Plain cigarette packets with no branding or logos, minimum pack sizes of 20 and a ban on the advertising of cigarette papers are just some of the ideas up for discussion in a move to reduce the number of people who smoke.
The new Department of Health consultation document "The Future of Tobacco Control" aims to start a debate around further measures that would stop people smoking and prevent young people starting to smoke.
The ideas and proposals in the consultation include:
Removing branding and logos from all tobacco packaging.
Having a minimum pack size of 20 to stop young people who can only afford packs of 10 buying cigarettes.
Restricting access to cigarette vending machines by young people – whether by banning vending machines altogether or through systems that only allow adult purchase.
Restricting the display of tobacco products in shops. which may include putting cigarettes under the counter.

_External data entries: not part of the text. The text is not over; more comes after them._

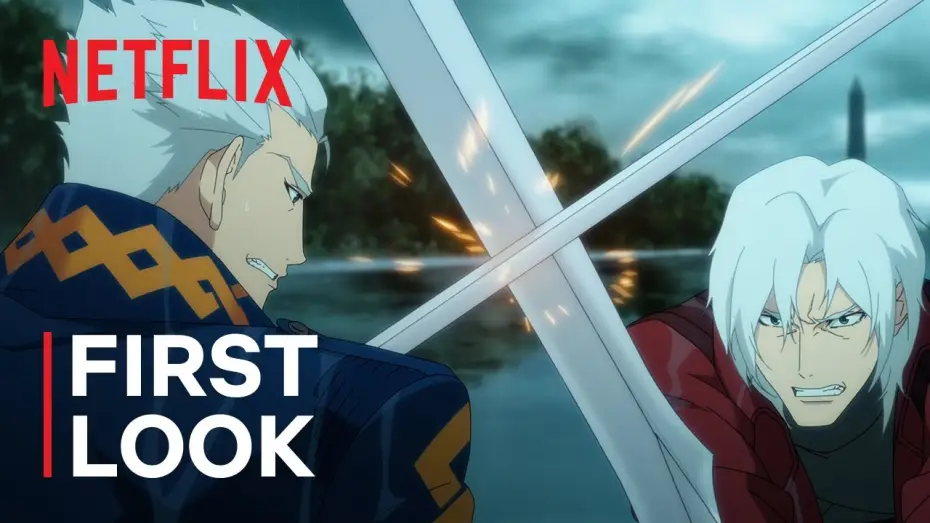 Відео до серіалу Devil May Cry — Season 2 First Look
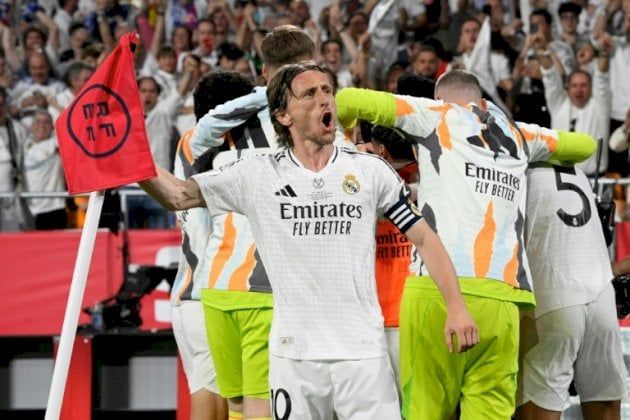 لوكا مودريتش يعلن مغادرته ريال مدريد بعد مونديال الأندية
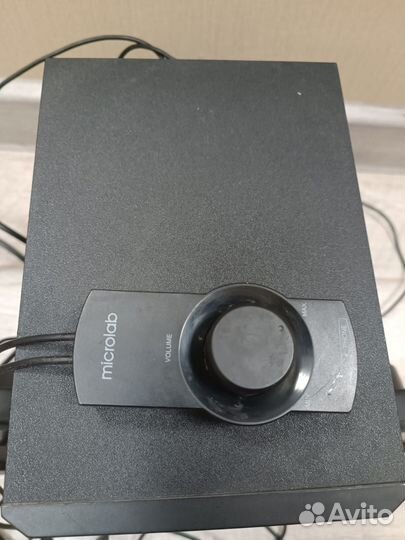 Акустика microlab m-111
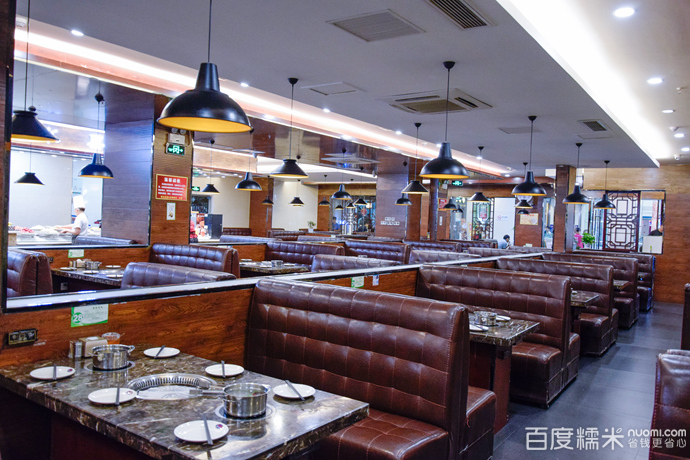 金滏山自助烤肉(中泰国际广场店)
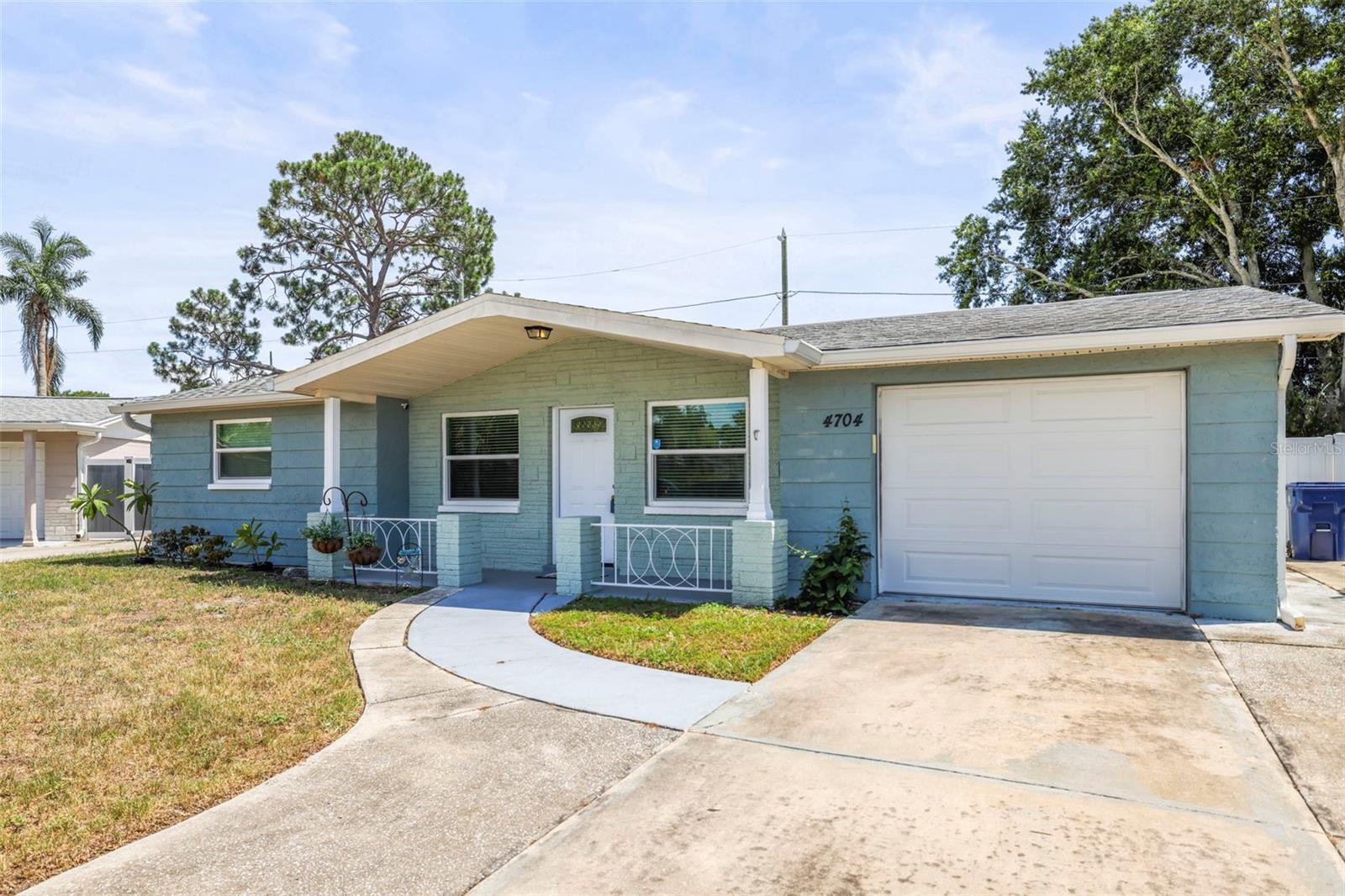 Come check out this gorgeous updated waterfront pool home featuring an open, inviting floor plan and serene views of a natural water setting.

Designed for both everyday living and entertaining, the spacious layout seamlessly connects the main living areas while showcasing beautiful waterfront vistas throughout the home.

Recent updates include:

New fencing for added privacy
New flat roof
Custom island and pantry upgrades
New gutters

Step outside to your private backyard oasis, where the sparkling pool and tranquil water views create the perfect setting for relaxing or hosting family and friends.

Don't miss this opportunity to own a beautifully updated waterfront retreat that combines comfort, style, and exceptional outdoor living.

Banning the advertising of smoking paraphernalia, such as cigarette papers.
Public Health Minister Dawn Primarolo said: "Protecting children from smoking is a government priority and taking away temptation is one way to do this. If banning brightly coloured packets, removing cigarettes from display, and removing the cheap option of a pack of 10 helps save lives, then that is what we should do - but we want to hear everyone's views first.
Recent smoking stats show a 2% drop in smokers in Britain (22% down from 24%) and since the introduction of the smokefree legislation in July 07, an increase of 28% in quit attempts using NHS Stop Smoking Services.
The estimated cost to the NHS of treating smoke-related illness is between £1.4 and £1.7bn per year.